Start of Data
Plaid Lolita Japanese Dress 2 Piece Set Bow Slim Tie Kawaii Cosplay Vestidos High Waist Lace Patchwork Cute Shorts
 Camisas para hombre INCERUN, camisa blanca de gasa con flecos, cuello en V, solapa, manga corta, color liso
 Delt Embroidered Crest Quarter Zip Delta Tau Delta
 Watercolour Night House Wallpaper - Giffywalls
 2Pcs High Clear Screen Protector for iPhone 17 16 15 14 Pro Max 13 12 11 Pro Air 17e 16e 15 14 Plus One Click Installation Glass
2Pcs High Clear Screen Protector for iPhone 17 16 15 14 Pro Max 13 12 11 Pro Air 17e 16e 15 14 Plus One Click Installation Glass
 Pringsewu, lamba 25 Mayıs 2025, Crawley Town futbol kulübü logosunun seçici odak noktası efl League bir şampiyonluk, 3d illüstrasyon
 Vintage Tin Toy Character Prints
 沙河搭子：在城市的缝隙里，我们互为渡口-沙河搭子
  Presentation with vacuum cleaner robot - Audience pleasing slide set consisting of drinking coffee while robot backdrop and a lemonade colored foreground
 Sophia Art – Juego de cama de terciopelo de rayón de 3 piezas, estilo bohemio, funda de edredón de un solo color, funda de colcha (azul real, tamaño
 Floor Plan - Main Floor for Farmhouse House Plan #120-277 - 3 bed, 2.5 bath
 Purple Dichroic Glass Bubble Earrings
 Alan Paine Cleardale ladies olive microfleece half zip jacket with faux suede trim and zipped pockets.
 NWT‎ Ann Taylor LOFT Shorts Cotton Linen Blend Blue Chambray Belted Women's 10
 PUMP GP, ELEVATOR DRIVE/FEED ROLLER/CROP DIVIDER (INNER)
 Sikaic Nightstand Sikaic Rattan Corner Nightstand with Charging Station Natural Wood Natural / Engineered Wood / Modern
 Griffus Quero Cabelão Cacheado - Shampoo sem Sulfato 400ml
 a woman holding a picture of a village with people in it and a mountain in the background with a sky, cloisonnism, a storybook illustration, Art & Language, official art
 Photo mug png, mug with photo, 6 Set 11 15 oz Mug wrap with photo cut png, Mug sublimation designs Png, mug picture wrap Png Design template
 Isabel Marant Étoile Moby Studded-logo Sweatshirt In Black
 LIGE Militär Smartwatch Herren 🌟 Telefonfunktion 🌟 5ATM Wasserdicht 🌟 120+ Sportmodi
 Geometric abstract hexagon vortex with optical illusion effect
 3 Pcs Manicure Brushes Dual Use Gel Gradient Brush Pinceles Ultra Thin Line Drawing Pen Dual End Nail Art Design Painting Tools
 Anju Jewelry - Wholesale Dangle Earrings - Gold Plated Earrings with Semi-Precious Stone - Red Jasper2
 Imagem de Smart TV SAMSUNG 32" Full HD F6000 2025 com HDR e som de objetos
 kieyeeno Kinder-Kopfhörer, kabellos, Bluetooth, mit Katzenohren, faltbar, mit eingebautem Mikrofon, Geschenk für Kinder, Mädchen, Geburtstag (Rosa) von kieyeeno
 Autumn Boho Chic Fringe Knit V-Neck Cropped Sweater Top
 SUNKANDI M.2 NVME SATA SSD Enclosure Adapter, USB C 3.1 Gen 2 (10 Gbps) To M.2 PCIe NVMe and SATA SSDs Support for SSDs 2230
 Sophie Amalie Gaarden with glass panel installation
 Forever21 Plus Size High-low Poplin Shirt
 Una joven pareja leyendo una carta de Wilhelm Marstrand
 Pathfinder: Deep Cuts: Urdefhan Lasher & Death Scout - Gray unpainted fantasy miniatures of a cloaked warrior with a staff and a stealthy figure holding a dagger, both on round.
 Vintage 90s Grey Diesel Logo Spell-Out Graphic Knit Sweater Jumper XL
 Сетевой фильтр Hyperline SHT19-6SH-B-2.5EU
End of Data
How to complete this task:
Each line from the first line of the listing through the line containing "3 Pcs Manicure" must be set down exactly; no other line belongs in the answer.

Output of the exercise:
Plaid Lolita Japanese Dress 2 Piece Set Bow Slim Tie Kawaii Cosplay Vestidos High Waist Lace Patchwork Cute Shorts
 Camisas para hombre INCERUN, camisa blanca de gasa con flecos, cuello en V, solapa, manga corta, color liso
 Delt Embroidered Crest Quarter Zip Delta Tau Delta
 Watercolour Night House Wallpaper - Giffywalls
 2Pcs High Clear Screen Protector for iPhone 17 16 15 14 Pro Max 13 12 11 Pro Air 17e 16e 15 14 Plus One Click Installation Glass
2Pcs High Clear Screen Protector for iPhone 17 16 15 14 Pro Max 13 12 11 Pro Air 17e 16e 15 14 Plus One Click Installation Glass
 Pringsewu, lamba 25 Mayıs 2025, Crawley Town futbol kulübü logosunun seçici odak noktası efl League bir şampiyonluk, 3d illüstrasyon
 Vintage Tin Toy Character Prints
 沙河搭子：在城市的缝隙里，我们互为渡口-沙河搭子
  Presentation with vacuum cleaner robot - Audience pleasing slide set consisting of drinking coffee while robot backdrop and a lemonade colored foreground
 Sophia Art – Juego de cama de terciopelo de rayón de 3 piezas, estilo bohemio, funda de edredón de un solo color, funda de colcha (azul real, tamaño
 Floor Plan - Main Floor for Farmhouse House Plan #120-277 - 3 bed, 2.5 bath
 Purple Dichroic Glass Bubble Earrings
 Alan Paine Cleardale ladies olive microfleece half zip jacket with faux suede trim and zipped pockets.
 NWT‎ Ann Taylor LOFT Shorts Cotton Linen Blend Blue Chambray Belted Women's 10
 PUMP GP, ELEVATOR DRIVE/FEED ROLLER/CROP DIVIDER (INNER)
 Sikaic Nightstand Sikaic Rattan Corner Nightstand with Charging Station Natural Wood Natural / Engineered Wood / Modern
 Griffus Quero Cabelão Cacheado - Shampoo sem Sulfato 400ml
 a woman holding a picture of a village with people in it and a mountain in the background with a sky, cloisonnism, a storybook illustration, Art & Language, official art
 Photo mug png, mug with photo, 6 Set 11 15 oz Mug wrap with photo cut png, Mug sublimation designs Png, mug picture wrap Png Design template
 Isabel Marant Étoile Moby Studded-logo Sweatshirt In Black
 LIGE Militär Smartwatch Herren 🌟 Telefonfunktion 🌟 5ATM Wasserdicht 🌟 120+ Sportmodi
 Geometric abstract hexagon vortex with optical illusion effect
 3 Pcs Manicure Brushes Dual Use Gel Gradient Brush Pinceles Ultra Thin Line Drawing Pen Dual End Nail Art Design Painting Tools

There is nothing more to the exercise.